Deve-se ter especial atenção com a apuração desses créditos, a fim de identificar a assimetria dos biomas, pois alguns gerarão mais créditos que outros, além de ser necessária muita atenção para a distinção entre a valoração da floresta em pé versus o reflorestamento — parece óbvio que manter a floresta deve gerar mais créditos que reflorestar, a depender do bioma sob análise.
Outro capítulo sobre financiamento da proteção ambiental passa pelo sistema bancário, público, privado, internacional ou multilateral. É imprescindível que haja regulação estatal sobre essa matéria, não apenas direcionando recursos para essas finalidades por meio de normas indutivas, mas também proibindo o financiamento de atividades prejudiciais ao meio ambiente por meio de normas diretivas. Não basta que alguns bancos adotem procedimentos internos nesse sentido. É necessário haver regulação que vincule todo o sistema financeiro nacional.
Existe também uma forma de participação acionária pública em empreendimentos privados, com aporte de capital, que foi muito utilizada no passado no âmbito da Sudam e da Sudene, que previa a emissão de ações das empresas incentivadas, fazendo com que o governo federal se tornasse acionista desses empreendimentos.

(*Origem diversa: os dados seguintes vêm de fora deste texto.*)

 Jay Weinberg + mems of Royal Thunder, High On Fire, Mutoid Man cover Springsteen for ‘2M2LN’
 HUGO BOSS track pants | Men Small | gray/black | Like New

A legislação precisa ser aperfeiçoada, mas é uma alternativa que não deve ser descartada. No passado, havia previsão de liberação de recursos por parte da Sudam caso as empresas comprovassem que haviam destocado a área para fazer pasto — parece inacreditável aos olhos atuais, mas funcionava dessa forma; eu vi.
Outra forma de financiamento é por meio de filantropia, que pode ocorrer por diversos meios. Também aqui há necessidade de aperfeiçoamento da legislação brasileira. A lei dos endowments (Lei 13.800/19), por exemplo, teve vetos que impedem a concessão de benefícios fiscais aos doadores, o que esvazia seu alcance. É necessário olhar os exemplos estrangeiros nesse campo e adaptá-los à nossa realidade, visando incrementar esses mecanismos filantrópicos em nosso país.

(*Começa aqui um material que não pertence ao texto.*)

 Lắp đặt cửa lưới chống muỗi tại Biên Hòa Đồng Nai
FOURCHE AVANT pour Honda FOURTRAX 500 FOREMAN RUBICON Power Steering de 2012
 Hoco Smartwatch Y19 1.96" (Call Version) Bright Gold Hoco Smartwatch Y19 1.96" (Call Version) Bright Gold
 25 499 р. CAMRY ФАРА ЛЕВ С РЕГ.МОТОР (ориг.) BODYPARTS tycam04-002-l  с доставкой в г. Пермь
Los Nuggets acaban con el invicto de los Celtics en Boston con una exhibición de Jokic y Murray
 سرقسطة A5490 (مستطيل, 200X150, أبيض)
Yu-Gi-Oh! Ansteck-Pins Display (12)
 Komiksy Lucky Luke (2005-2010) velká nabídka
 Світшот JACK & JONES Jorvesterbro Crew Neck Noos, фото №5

Todos esses mecanismos financeiros, dentre outros possíveis, permitirão reduzir o impacto ambiental. Precisam ser aperfeiçoados, mas são formas de atuação do Estado regulando a matéria. Insuficientes para solucionar o problema, mas auxiliarão.

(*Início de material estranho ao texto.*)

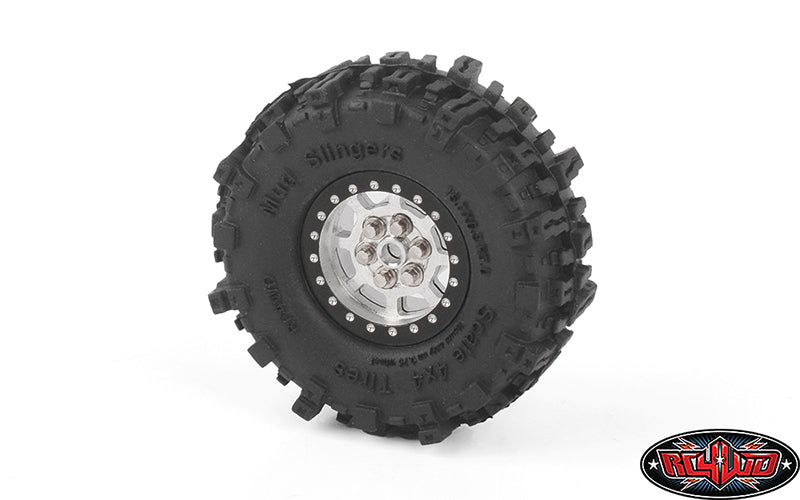 RC4WD マッドスリンガーズ 0.7インチスケールタイヤ 4本 Z-T0215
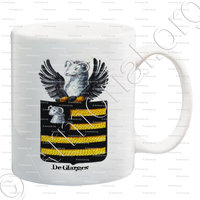 mug-DE GLARGES_Armorial royal des Pays-Bas_Europe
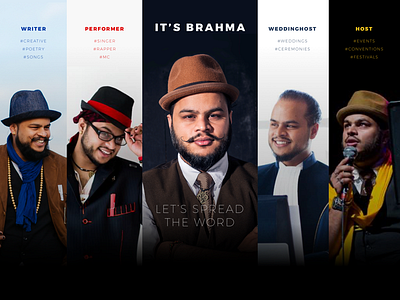 It's Brahma freelance ui webdesign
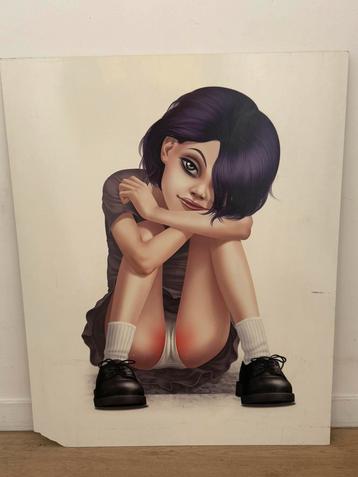 Pop Surealism Art - Unique piece beschikbaar voor biedingen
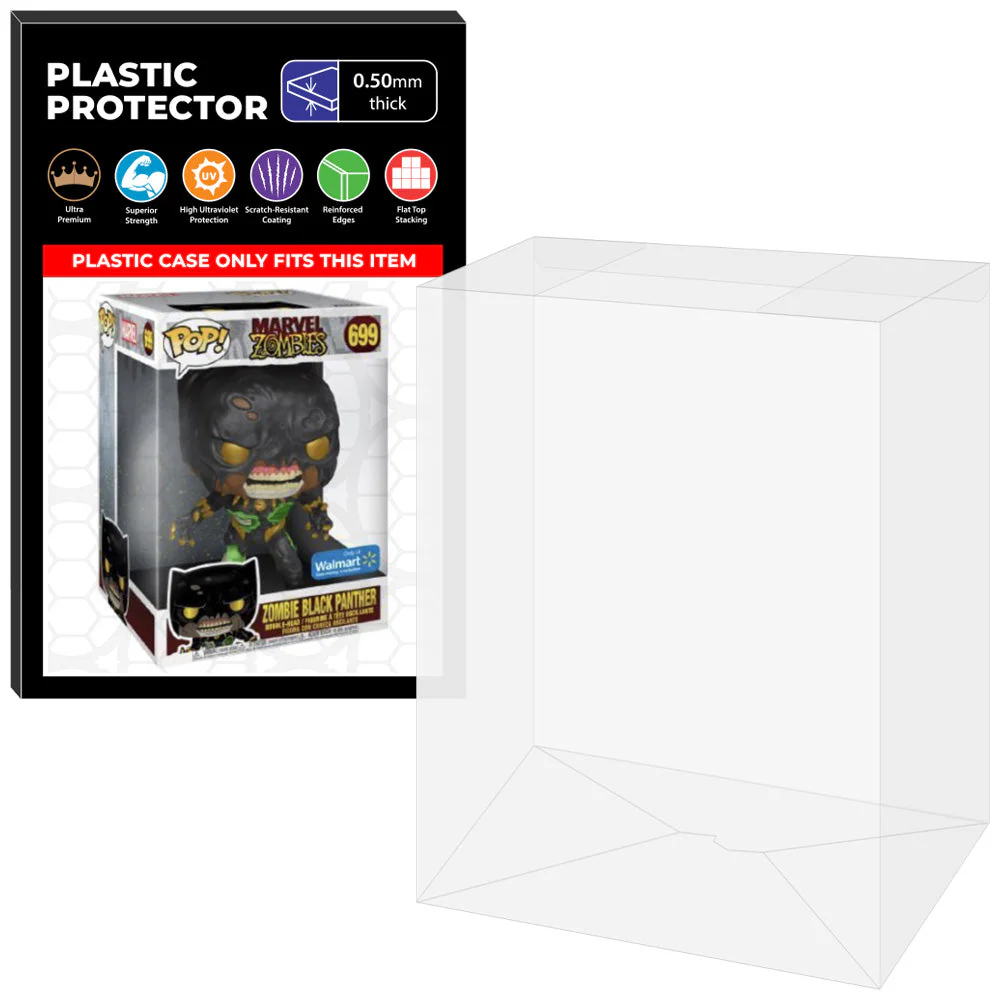 Pop Protector for 10 inch Zombie Captain America #949 Jumbo Funko Pop - Image 13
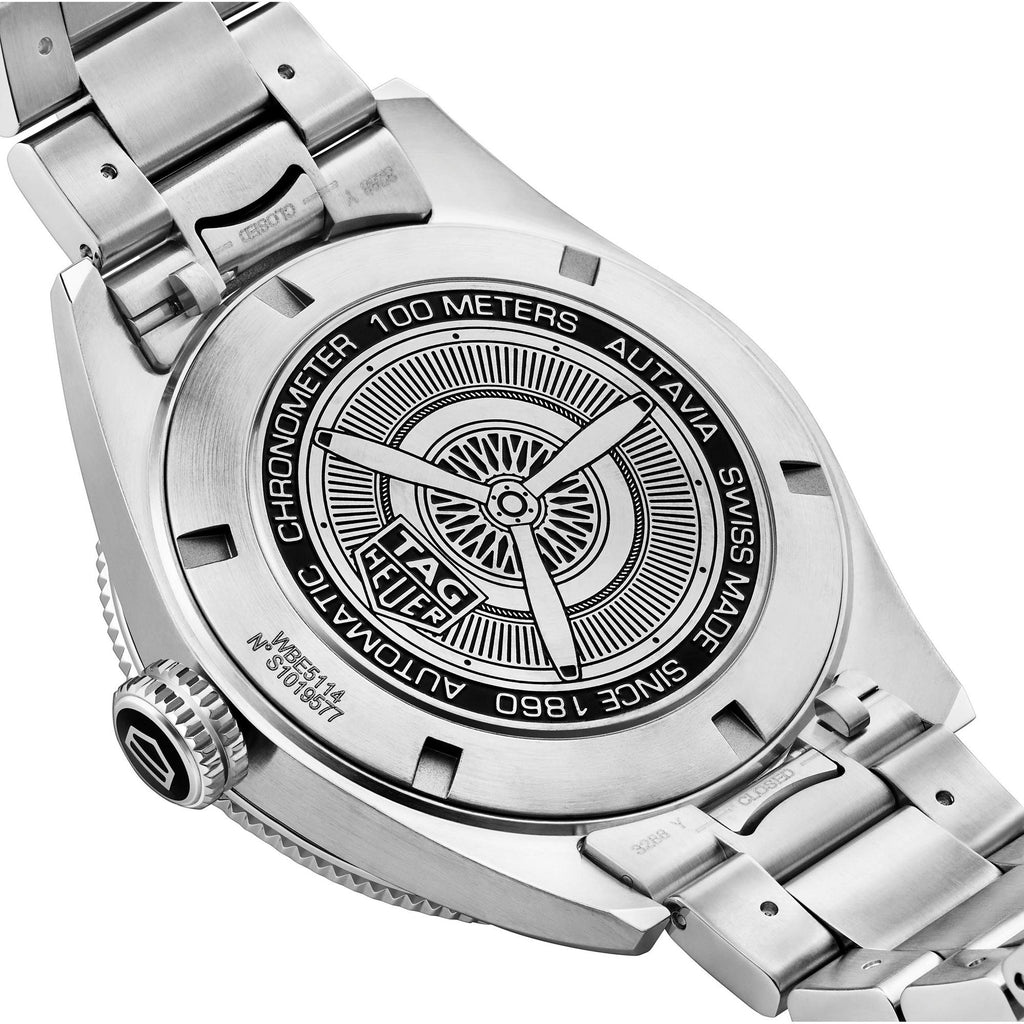 Tag Heuer Autavia Automatic Chronometer Mens Watch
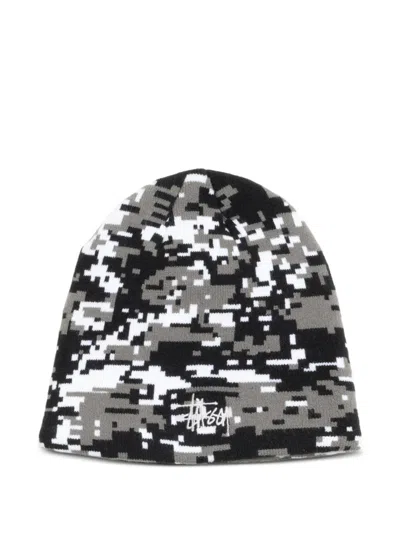 Stussy Skullcap Beanie In Multi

Na verdade, a eficácia passa pela redução do consumismo por parte da sociedade e a modificação do sistema de obsolescência programada dos bens por parte das empresas. Alterar esses dois aspectos reduziria a escalada de degradação ambiental do planeta. O Brasil deve contribuir com o esforço planetário nesse sentido, em busca de sustentabilidade.
Devemos aprender com o lastimável estado de emergência ambiental em que se encontra o estado do Rio Grande do Sul, com milhares de vítimas fatais e desabrigados, necessitando de muita ajuda humanitária e acolhimento.
Os governos brasileiros e de diversos países, em conjunto com organizações nacionais e internacionais, e milhares de voluntários, estão prestando o socorro possível no meio desse desastre ecológico. Isso demonstra que os instrumentos financeiros são uma forma de viabilizar o necessário socorro às vítimas e à economia, mas o ser humano deve sempre estar em primeiro lugar nas preocupações econômicas, financeiras e ambientais.
Sem o ser humano, não existe economia, nem ecologia, e muito menos finanças.